_WORK REQUEST_
For this exercise, output the entries below exactly from the line that holds "That's why this" to the line that holds "Absolutely fantastic. And", both ends included. No pictures belong in the copy.

_Source records_
☆ ☆ ☆ ☆
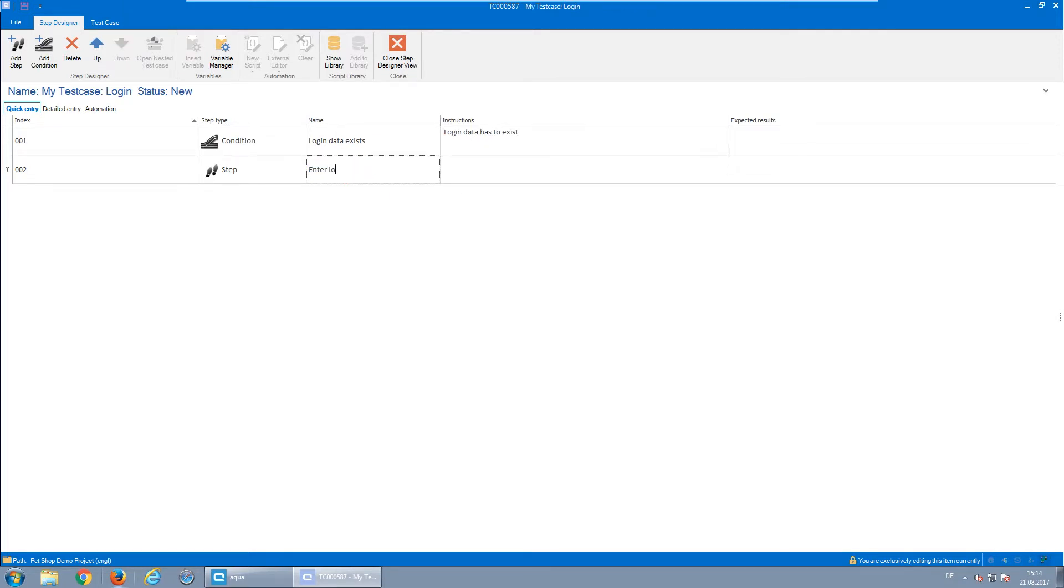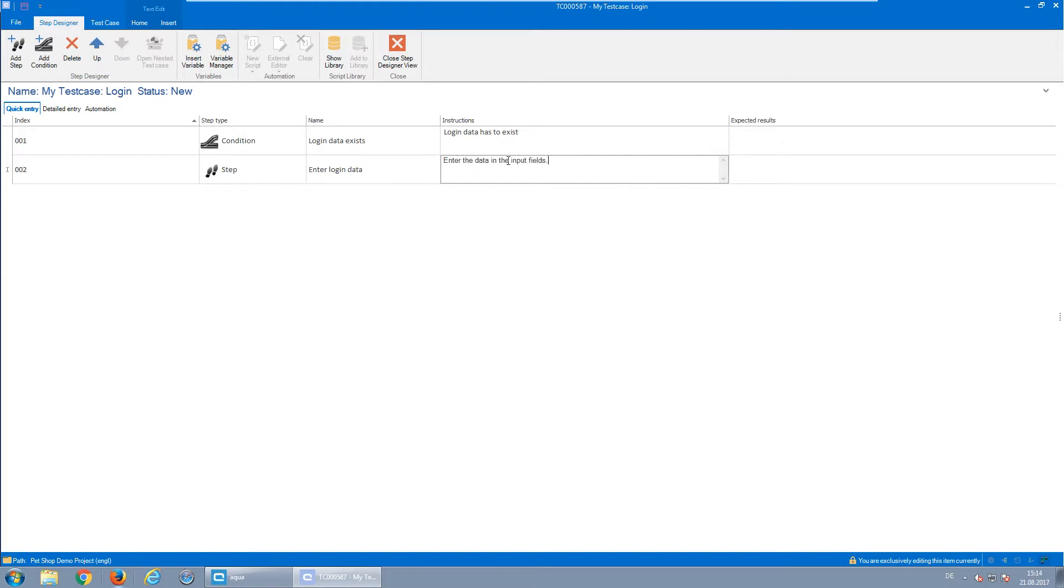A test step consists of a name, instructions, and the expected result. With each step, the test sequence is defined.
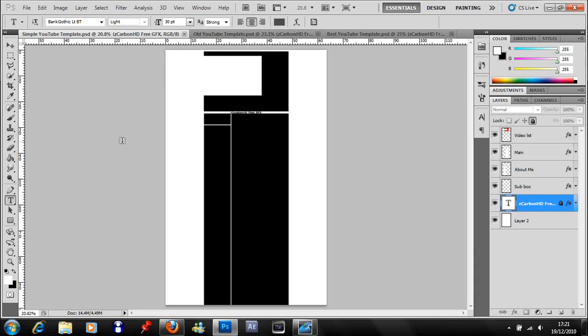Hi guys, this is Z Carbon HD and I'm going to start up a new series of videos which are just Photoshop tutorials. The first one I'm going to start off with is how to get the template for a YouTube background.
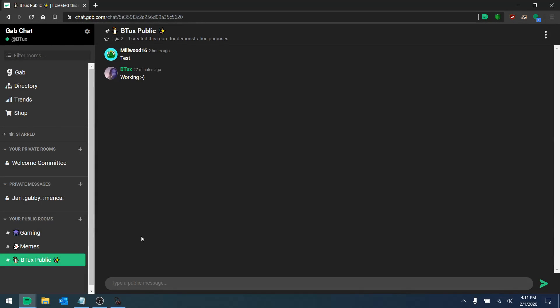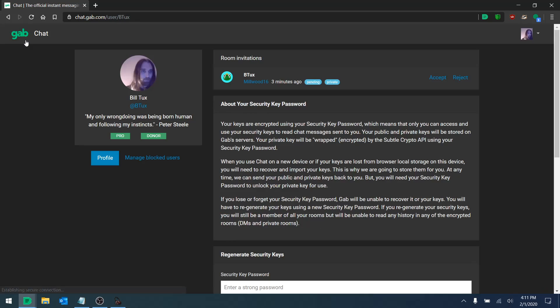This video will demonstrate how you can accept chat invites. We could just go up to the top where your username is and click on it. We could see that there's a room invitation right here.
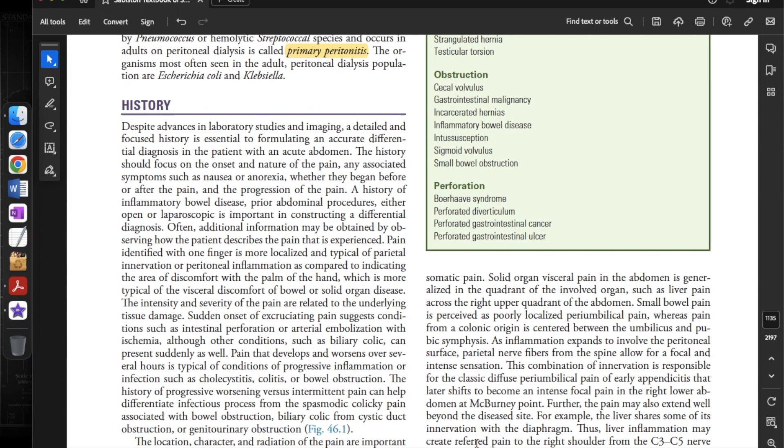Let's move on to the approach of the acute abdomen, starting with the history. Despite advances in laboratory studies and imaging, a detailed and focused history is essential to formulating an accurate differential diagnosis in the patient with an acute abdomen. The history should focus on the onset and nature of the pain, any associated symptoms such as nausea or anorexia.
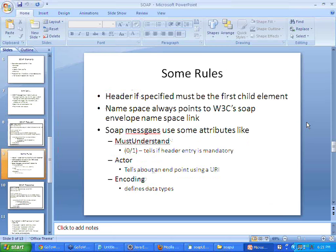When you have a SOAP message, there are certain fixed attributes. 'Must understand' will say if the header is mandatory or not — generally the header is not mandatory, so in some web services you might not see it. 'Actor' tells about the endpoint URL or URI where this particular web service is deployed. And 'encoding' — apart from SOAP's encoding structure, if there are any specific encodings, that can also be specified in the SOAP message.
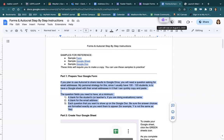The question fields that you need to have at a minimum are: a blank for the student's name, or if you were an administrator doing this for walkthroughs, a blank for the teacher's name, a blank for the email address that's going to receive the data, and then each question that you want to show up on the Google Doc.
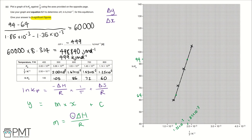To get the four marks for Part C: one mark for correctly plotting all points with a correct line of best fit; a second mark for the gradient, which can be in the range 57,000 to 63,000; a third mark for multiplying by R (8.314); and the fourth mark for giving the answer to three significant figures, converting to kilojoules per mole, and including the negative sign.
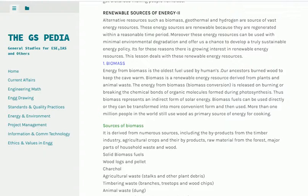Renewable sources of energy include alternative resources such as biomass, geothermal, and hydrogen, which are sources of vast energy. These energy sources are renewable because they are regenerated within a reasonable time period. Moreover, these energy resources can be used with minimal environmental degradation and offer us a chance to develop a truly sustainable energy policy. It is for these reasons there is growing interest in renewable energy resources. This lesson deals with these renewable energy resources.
☆ ☆ ☆ ☆
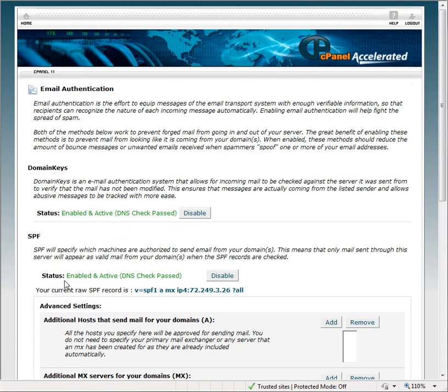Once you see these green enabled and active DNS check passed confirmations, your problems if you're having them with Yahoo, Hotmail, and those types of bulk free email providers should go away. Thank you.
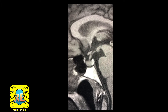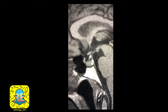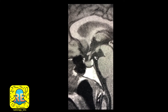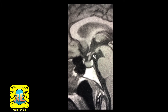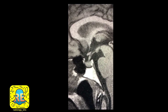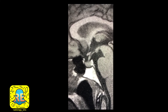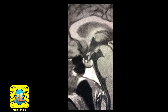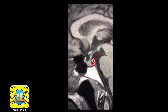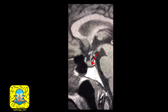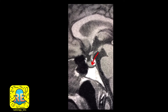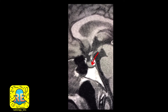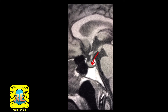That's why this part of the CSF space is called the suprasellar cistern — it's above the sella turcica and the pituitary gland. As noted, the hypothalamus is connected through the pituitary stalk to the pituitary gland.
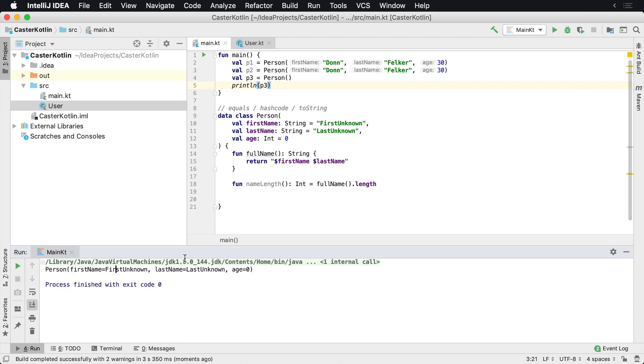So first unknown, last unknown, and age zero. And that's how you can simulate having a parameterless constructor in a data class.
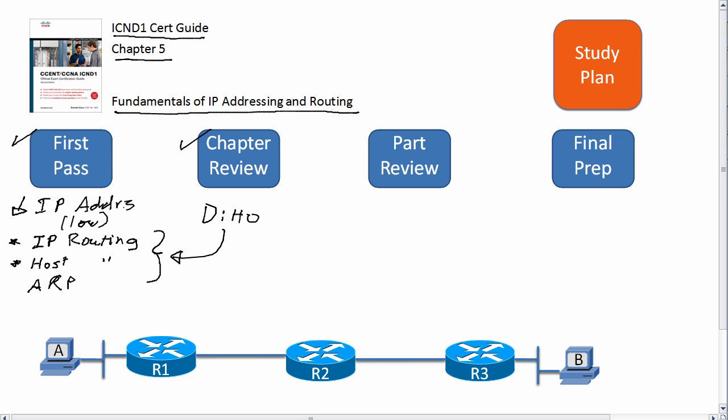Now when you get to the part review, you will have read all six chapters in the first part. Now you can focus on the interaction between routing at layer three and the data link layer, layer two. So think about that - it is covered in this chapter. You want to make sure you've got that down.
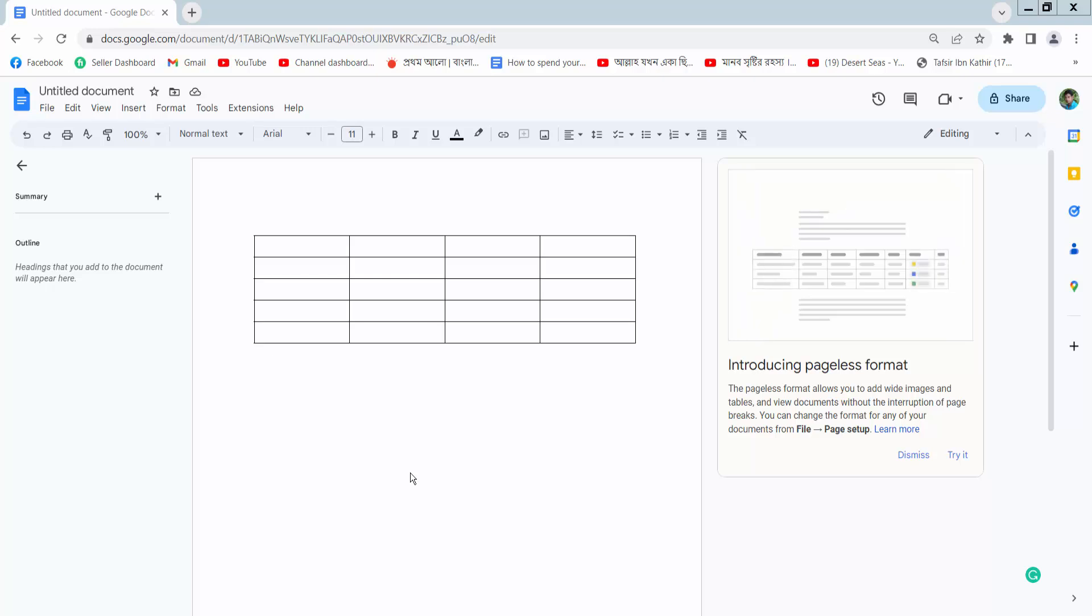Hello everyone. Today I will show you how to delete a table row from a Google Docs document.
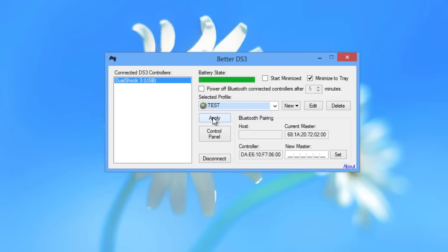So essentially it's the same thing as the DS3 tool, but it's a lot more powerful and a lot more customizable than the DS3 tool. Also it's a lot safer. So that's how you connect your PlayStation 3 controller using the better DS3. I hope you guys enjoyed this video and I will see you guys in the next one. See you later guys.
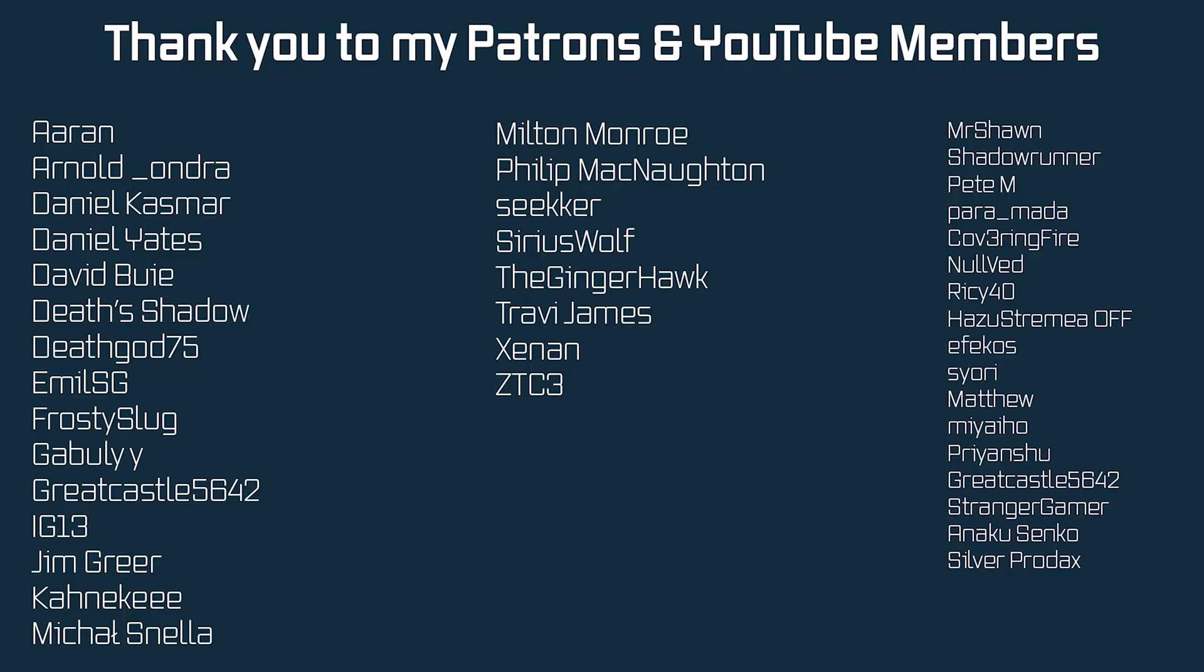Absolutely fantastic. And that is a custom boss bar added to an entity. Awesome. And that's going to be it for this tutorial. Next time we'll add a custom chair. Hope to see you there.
☆ ☆ ☆ ☆
_RESPONSE TO THE EXERCISE_
That's why this part of the CSF space is called the suprasellar cistern — it's above the sella turcica and the pituitary gland. As noted, the hypothalamus is connected through the pituitary stalk to the pituitary gland.
So first unknown, last unknown, and age zero. And that's how you can simulate having a parameterless constructor in a data class.
Now when you get to the part review, you will have read all six chapters in the first part. Now you can focus on the interaction between routing at layer three and the data link layer, layer two. So think about that - it is covered in this chapter. You want to make sure you've got that down.
Hello everyone. Today I will show you how to delete a table row from a Google Docs document.
So essentially it's the same thing as the DS3 tool, but it's a lot more powerful and a lot more customizable than the DS3 tool. Also it's a lot safer. So that's how you connect your PlayStation 3 controller using the better DS3. I hope you guys enjoyed this video and I will see you guys in the next one. See you later guys.
Absolutely fantastic. And that is a custom boss bar added to an entity. Awesome. And that's going to be it for this tutorial. Next time we'll add a custom chair. Hope to see you there.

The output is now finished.